** How to complete this task **
The answer should be the records below, word for word, with every image left out.

** Materials provided **
--*--

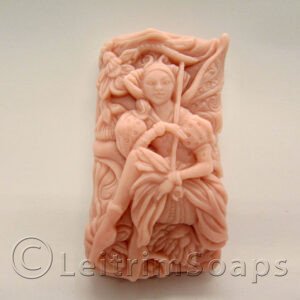 Fairy Soap (Pink)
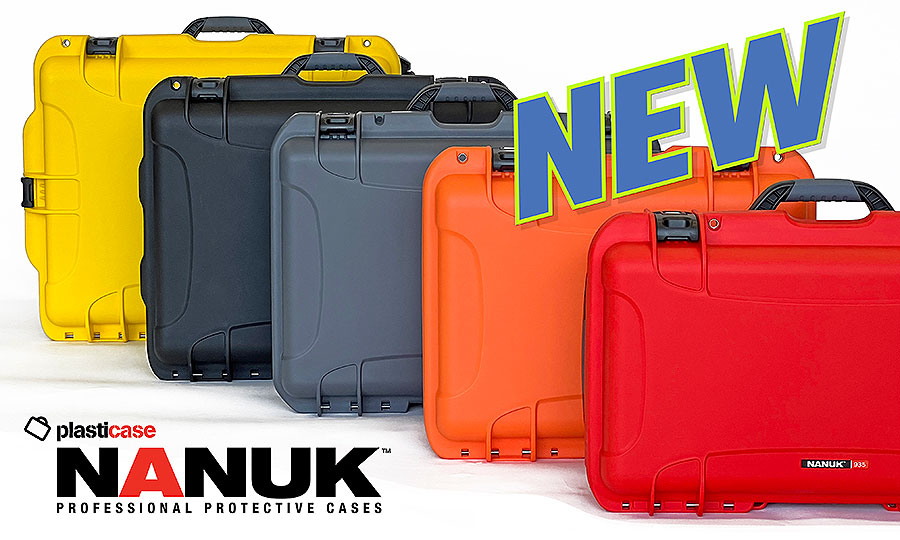 Nanuk Professional Protective Cases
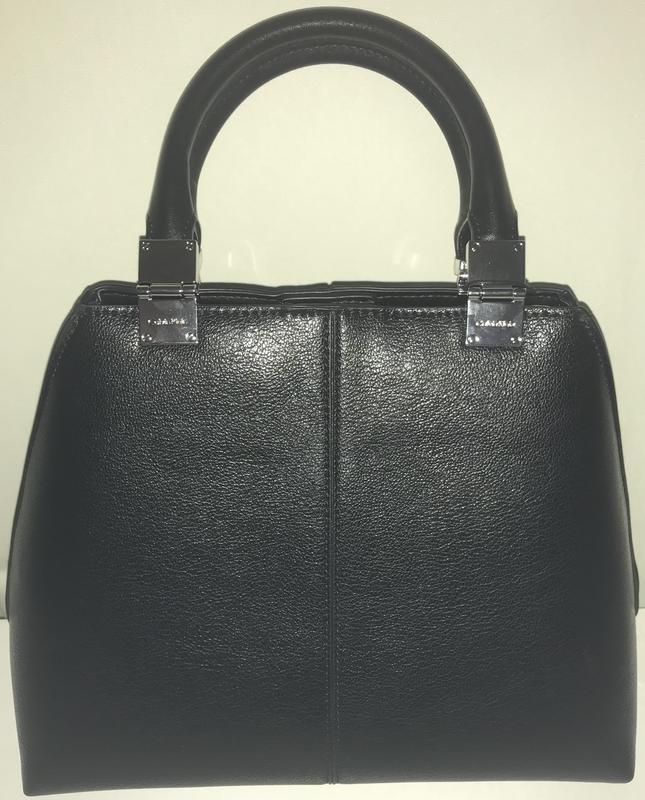 Calvin Klein Granite Signature Convertible Satchel with Magnetic Snap - Macy's Calvin Klein Granite Signature Convertible Satchel with Magnetic Snap - Macy's
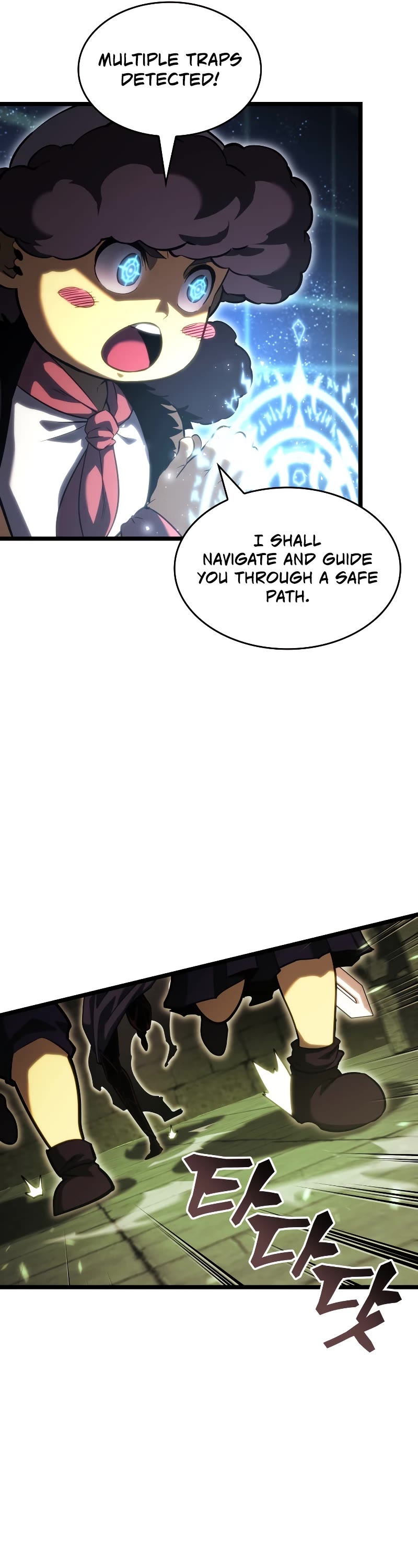 Return of the SSS-Class Ranker Chapter 88 page 36 - Chapter 88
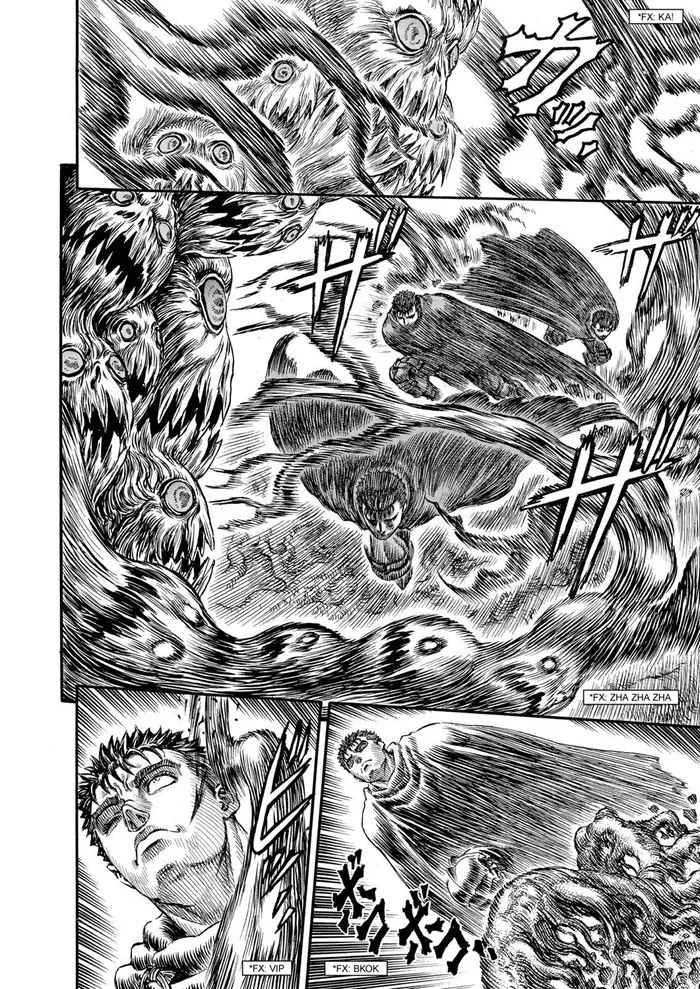 Berserk - Chapter 96 - Page 5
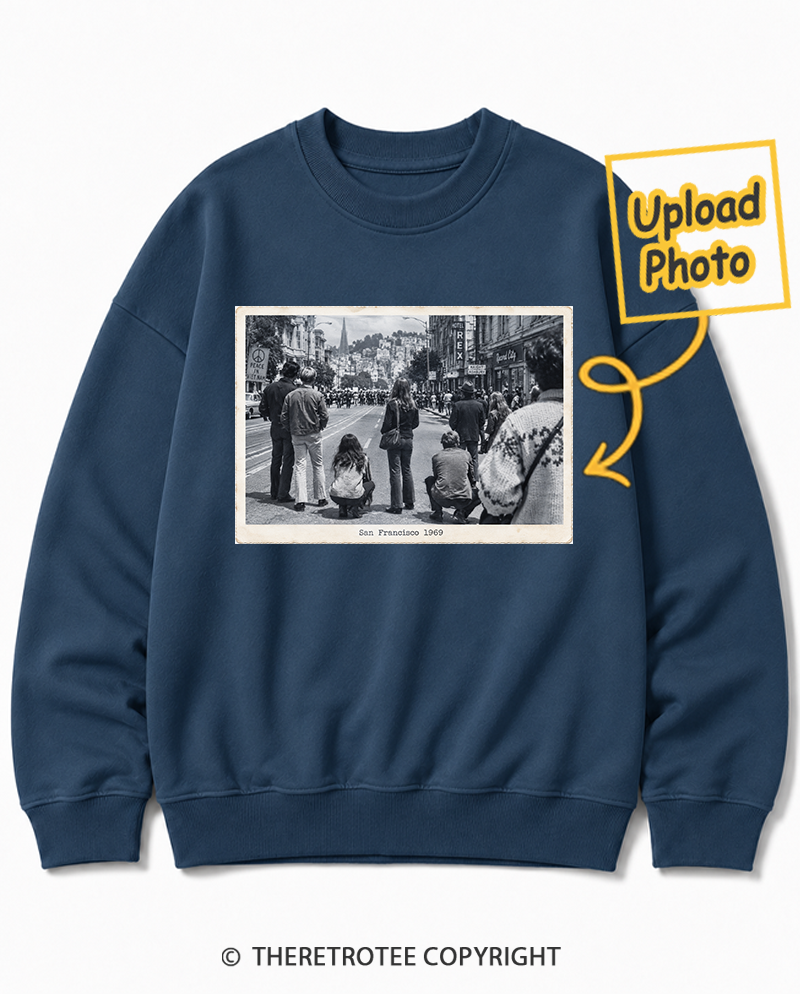 TheRetroTee Personalized San Francisco 1969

--*--

** Exercise result **
 Fairy Soap (Pink)
 Nanuk Professional Protective Cases
 Calvin Klein Granite Signature Convertible Satchel with Magnetic Snap - Macy's Calvin Klein Granite Signature Convertible Satchel with Magnetic Snap - Macy's
 Return of the SSS-Class Ranker Chapter 88 page 36 - Chapter 88
 Berserk - Chapter 96 - Page 5
 TheRetroTee Personalized San Francisco 1969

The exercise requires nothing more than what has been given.